By contrast, for respondents indicating technologies that their companies plan to begin using within the next three years, the differentials between High Performers and Low Performers were nearly reversed. For most technologies, Low Performers were much more likely to indicate that they plan to adopt a variety of technologies, which is not surprising considering that in many cases High Performers have already adopted these technologies. The aspirations of lower performing companies may be difficult to realize however, since most of these companies expect stable IT investment over the next three years, whereas the best performing companies expect increased investment. The one technology that High Performers are more likely to adopt over the next three years is Artificial Intelligence (AI). Although the survey did not ask what applications these companies will target using AI, it is CIMdata’s view that the technology offers significant benefits for computational design, construction planning optimization, and predictive analytics.

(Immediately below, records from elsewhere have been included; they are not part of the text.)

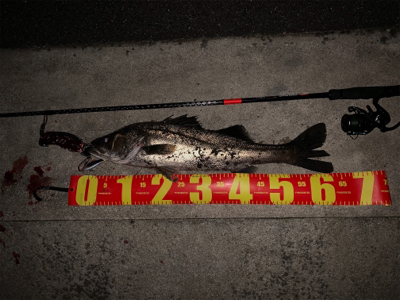 やっとシーズン到来かな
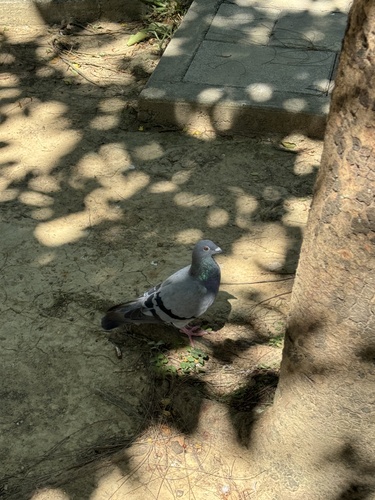 Feral Pigeon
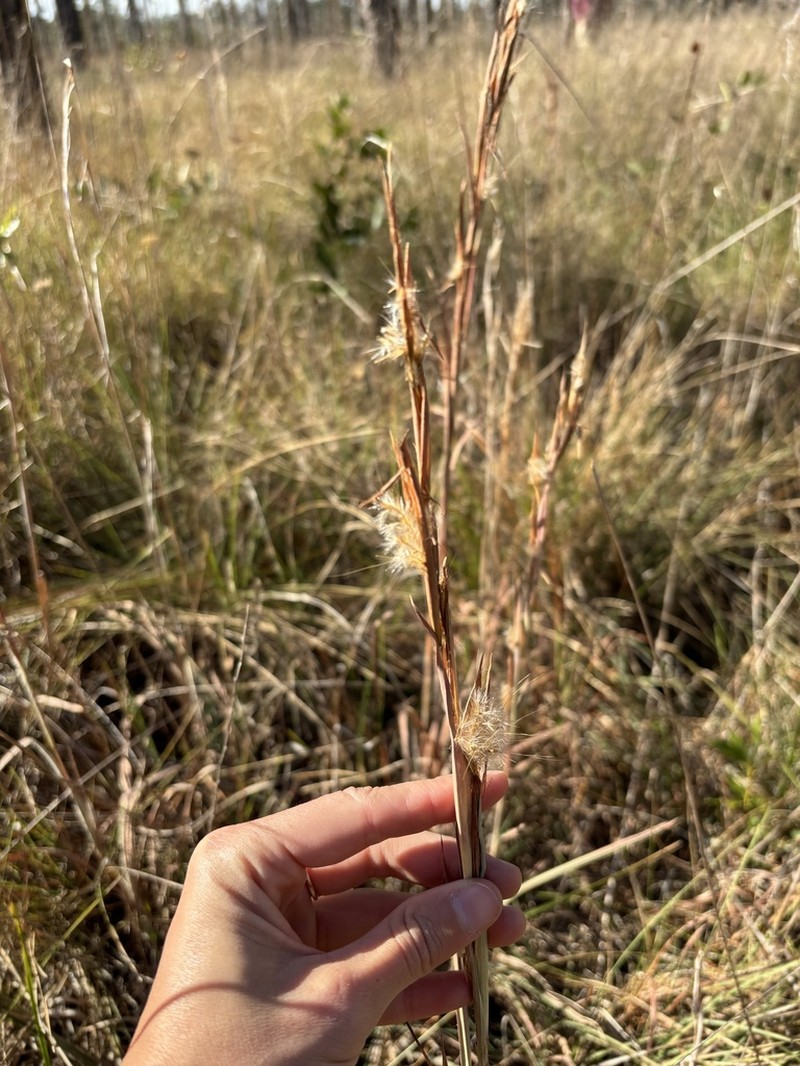 Mohr's Bluestem photo 7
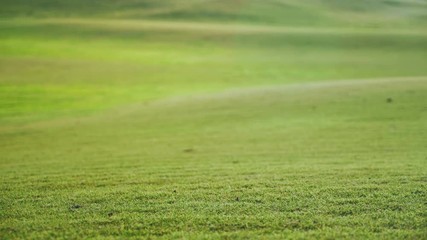 Grass of the golf course in the rays of the setting sun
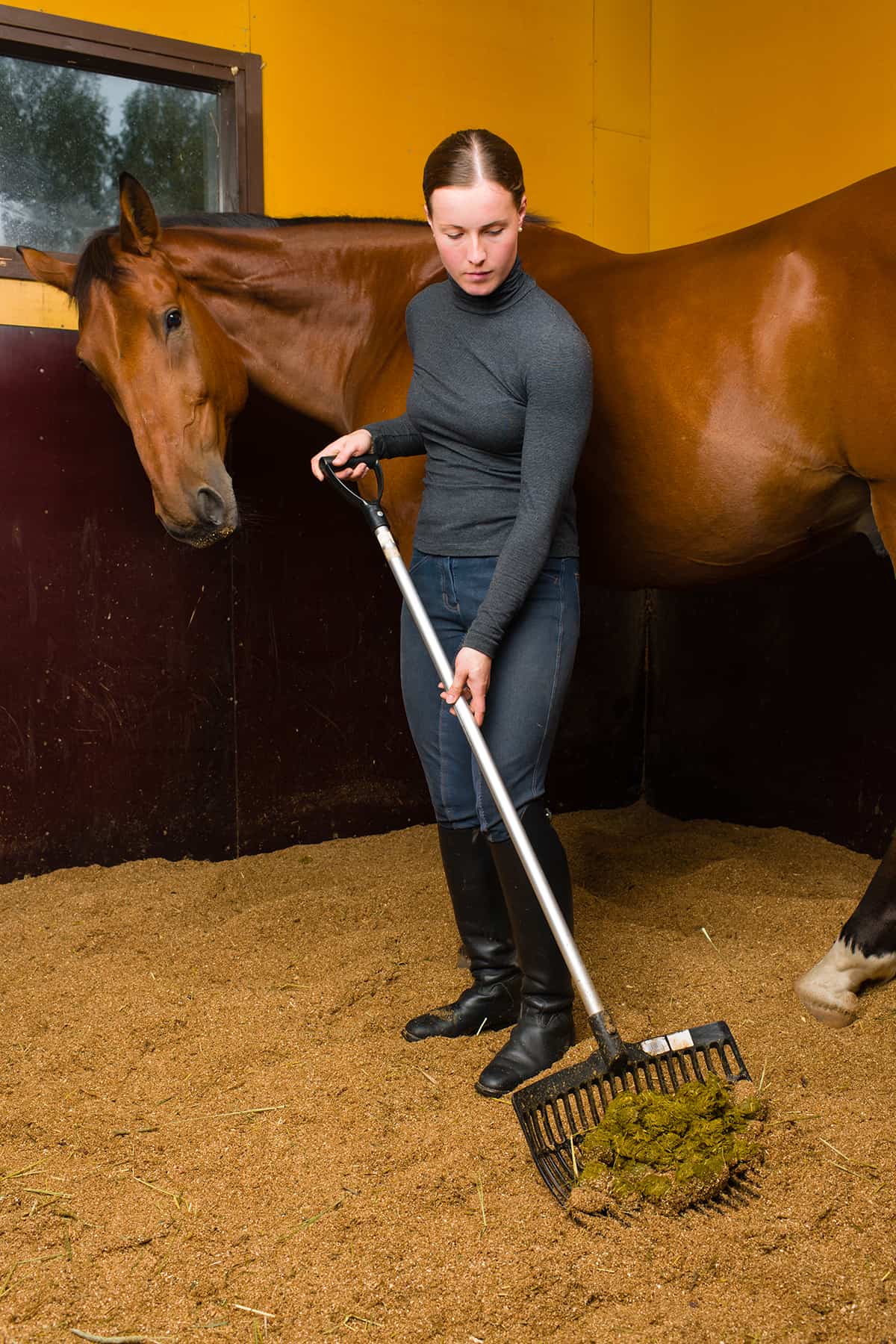How Often Should I Clean a Horse Stall
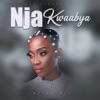 Nja Kwaabya - Single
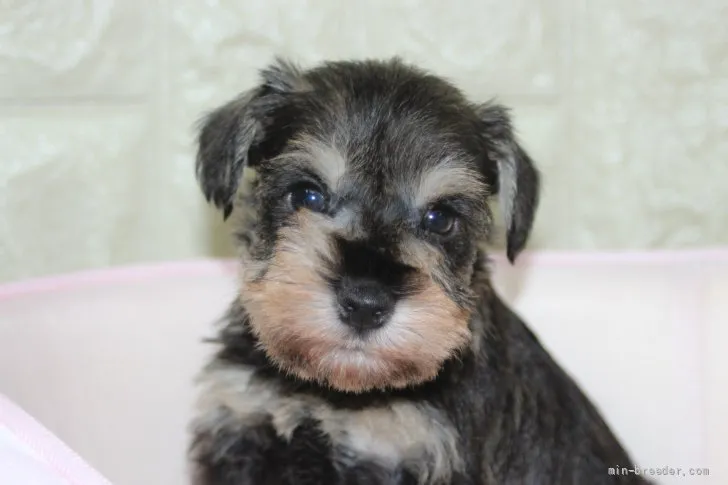 ID：2205-01434の子犬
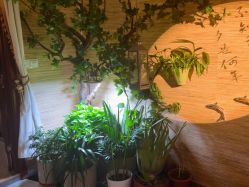 -至爱至信新中式SPA疗愈会所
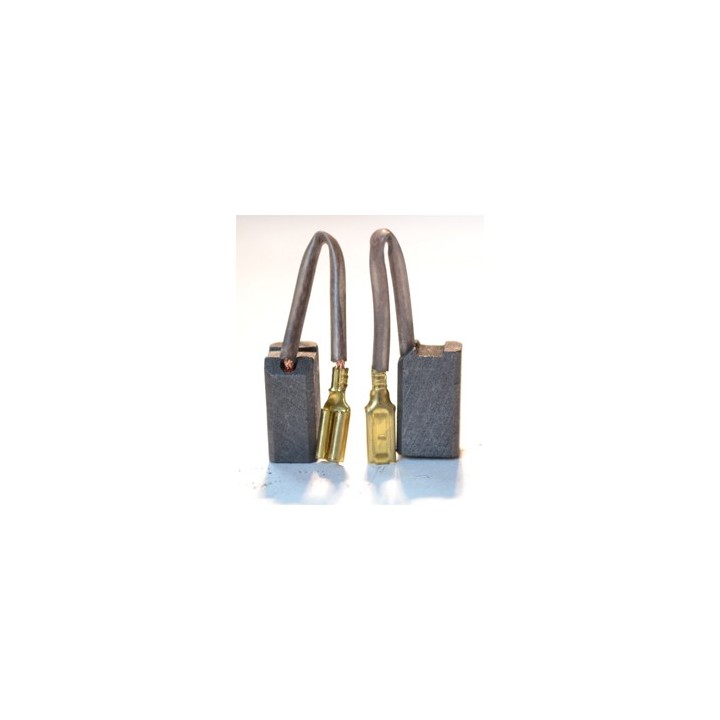 Charbon Dewalt pour perceuse DW505KS & marteau DW563K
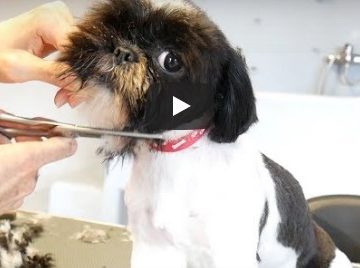 Grooming Shih Tzu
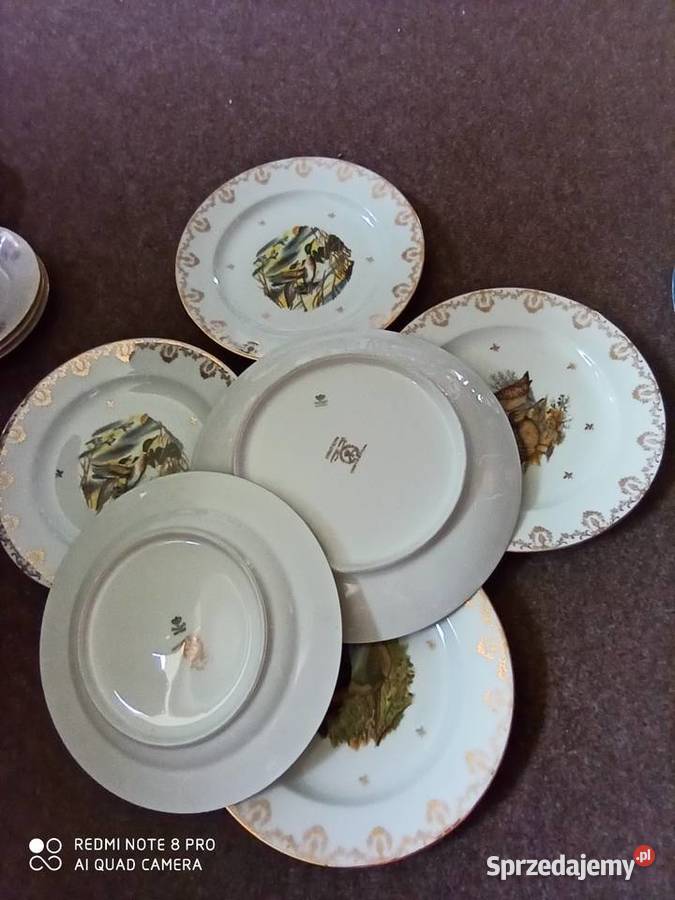 Serwis z ptakami Limoges Francja pomorskie Gdańsk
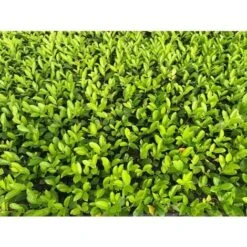 Lauroceraso "Prunus Laurocerasus" Pianta In Vaso Biodegradabile -Negozio al dettaglio Evergreen 20255354 5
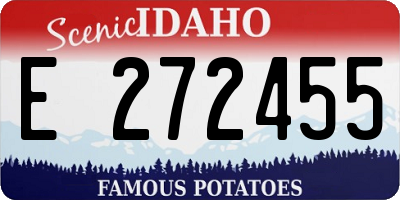 ID license plate E272455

Opportunities and Obstacles

These investment plans have a purpose—to improve the core processes of designing, constructing, and operating new and repurposed facilities. The top three benefits that respondents expect to reap from process improvements are:

  • Reduced risk combined with more predictable project schedules and outcomes
  • Fewer project change orders during fabrication and construction
  • Improved margins from more accurate estimating and bidding for project proposals

These benefits will come from increased capabilities as companies learn to effectively integrate existing and new technology investments into core business processes. Respondents were asked to identify capabilities that have been prioritized for improvement, based upon the potential business benefits that would result. The top four areas for improvement are:

  • Design collaboration
  • Change management
  • Technology interoperability
  • Project collaboration (other than design)

Although respondents believe that there is opportunity to improve post-handover costs, the top opportunities they identified relate to design and construction processes. The survey did not uncover the reason for this, but one possibility is that inefficiencies are highly visible to many parties during construction. Comparatively, maintenance inefficiencies are relatively hidden.

Of course, there are obstacles to achieving these improved capabilities and the associated benefits. Respondents were asked to identify the major factors that are preventing the investment in time, training, and information technology needed to improve processes and business outcomes. Interestingly, the problems were not related to affordability or technology complexity—those were the bottom two responses. Instead, three issues stood out as the major obstacles to improvement:

  • Solutions from different software providers do not work with each other
  • Owners do not understand what deliverables to ask for
  • No single organization is able to implement change in isolation, and unless everyone changes, there is no benefit to change

Summary

Significant opportunity exists to improve the efficiency, predictability, and profitability of AEC projects. Equally importantly, there is potential for many players in the AEC value chain to benefit from these improvements. Working together, the AEC industry has an opportunity to transform how it designs, delivers, and operates buildings, infrastructure projects, and other facilities.

These CIMdata survey results suggest that interoperability problems and the fragmented nature of the industry are limiting the rate of improvement. It will take a concerted effort to drive better interoperability. Industry organizations such as buildingSMART are moving in the right direction, but the AEC industry needs an even more concerted push among owners, operators, and leading services firms to drive change. Technology providers also have a major role to play in supporting this change. By becoming better informed, and through smarter specification of project deliverables, owners and operators have an opportunity to lead the industry transformation.